> _Work order_:
Below are entries; repeat exactly, and nothing else, the lines from the one holding "Good morning students." through the one holding "So again we'll", inclusive. Leave the pictures out.

> _Exercise material_:

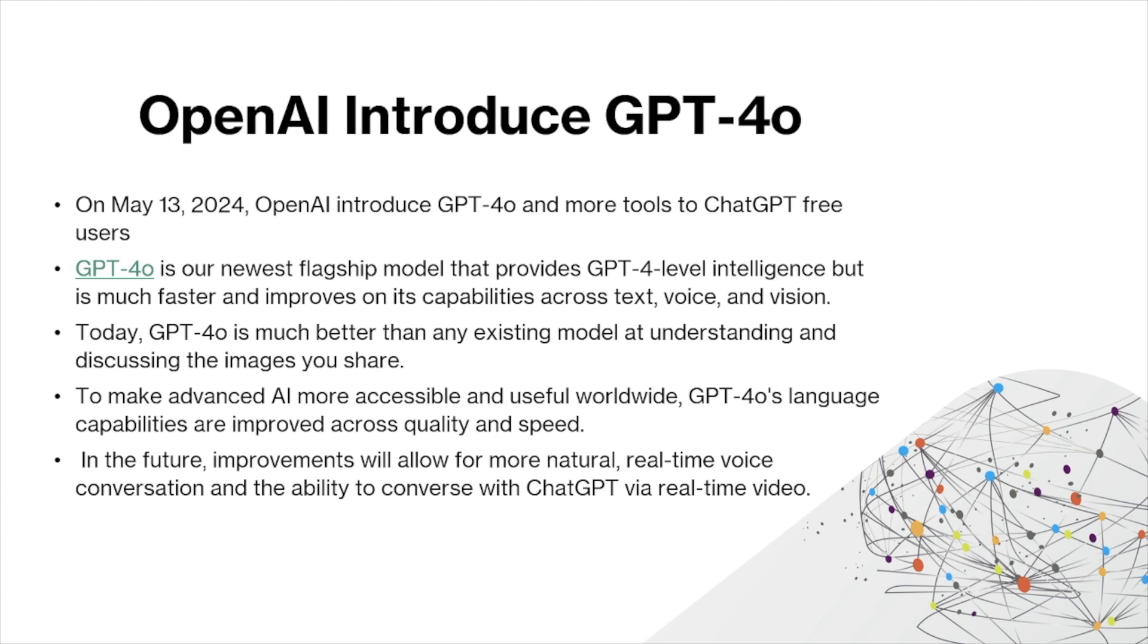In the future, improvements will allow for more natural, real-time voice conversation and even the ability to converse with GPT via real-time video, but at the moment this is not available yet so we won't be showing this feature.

--

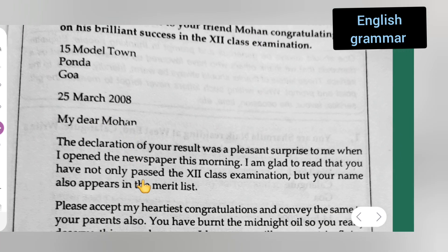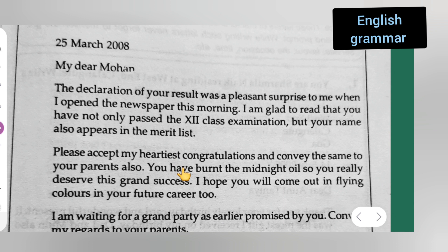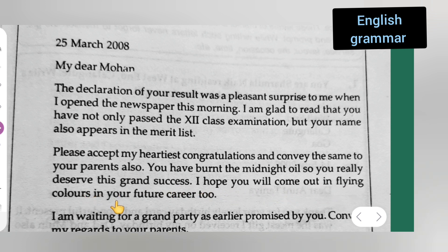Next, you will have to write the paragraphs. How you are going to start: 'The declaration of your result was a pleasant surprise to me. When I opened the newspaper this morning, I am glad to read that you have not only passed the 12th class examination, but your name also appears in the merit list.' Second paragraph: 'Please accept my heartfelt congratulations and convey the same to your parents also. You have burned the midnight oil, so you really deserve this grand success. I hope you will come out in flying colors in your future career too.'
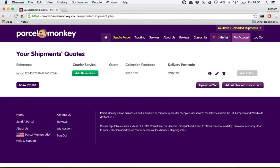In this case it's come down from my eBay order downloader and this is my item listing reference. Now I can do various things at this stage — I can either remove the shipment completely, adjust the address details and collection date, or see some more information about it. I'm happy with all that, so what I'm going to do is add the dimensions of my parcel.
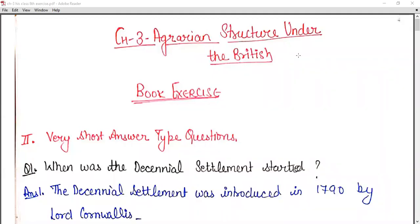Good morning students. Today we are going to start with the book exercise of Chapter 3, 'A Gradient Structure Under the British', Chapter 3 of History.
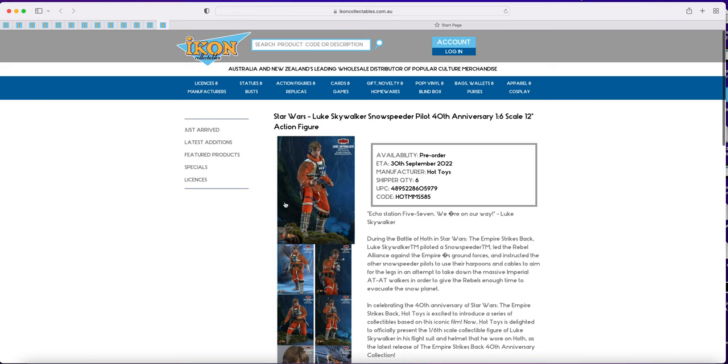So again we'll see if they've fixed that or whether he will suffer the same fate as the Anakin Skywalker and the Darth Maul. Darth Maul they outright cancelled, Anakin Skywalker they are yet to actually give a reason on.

...

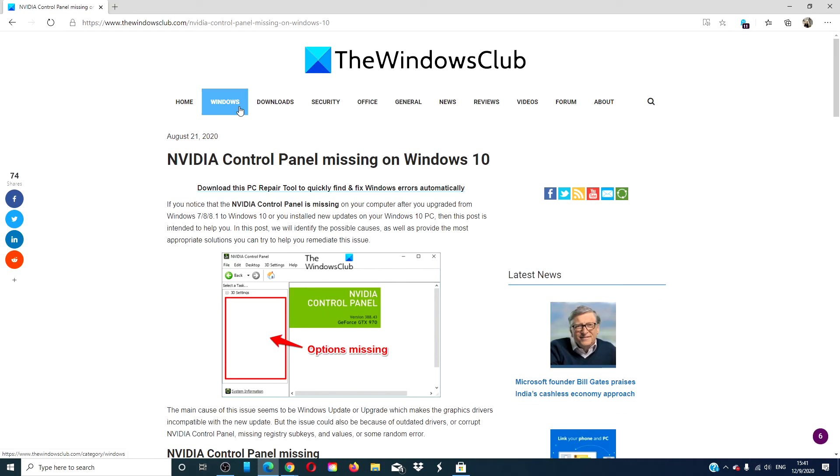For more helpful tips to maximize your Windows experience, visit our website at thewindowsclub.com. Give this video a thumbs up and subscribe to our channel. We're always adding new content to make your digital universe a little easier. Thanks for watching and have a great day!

> _Answer area_:
Good morning students. Today we are going to start with the book exercise of Chapter 3, 'A Gradient Structure Under the British', Chapter 3 of History.
So again we'll see if they've fixed that or whether he will suffer the same fate as the Anakin Skywalker and the Darth Maul. Darth Maul they outright cancelled, Anakin Skywalker they are yet to actually give a reason on.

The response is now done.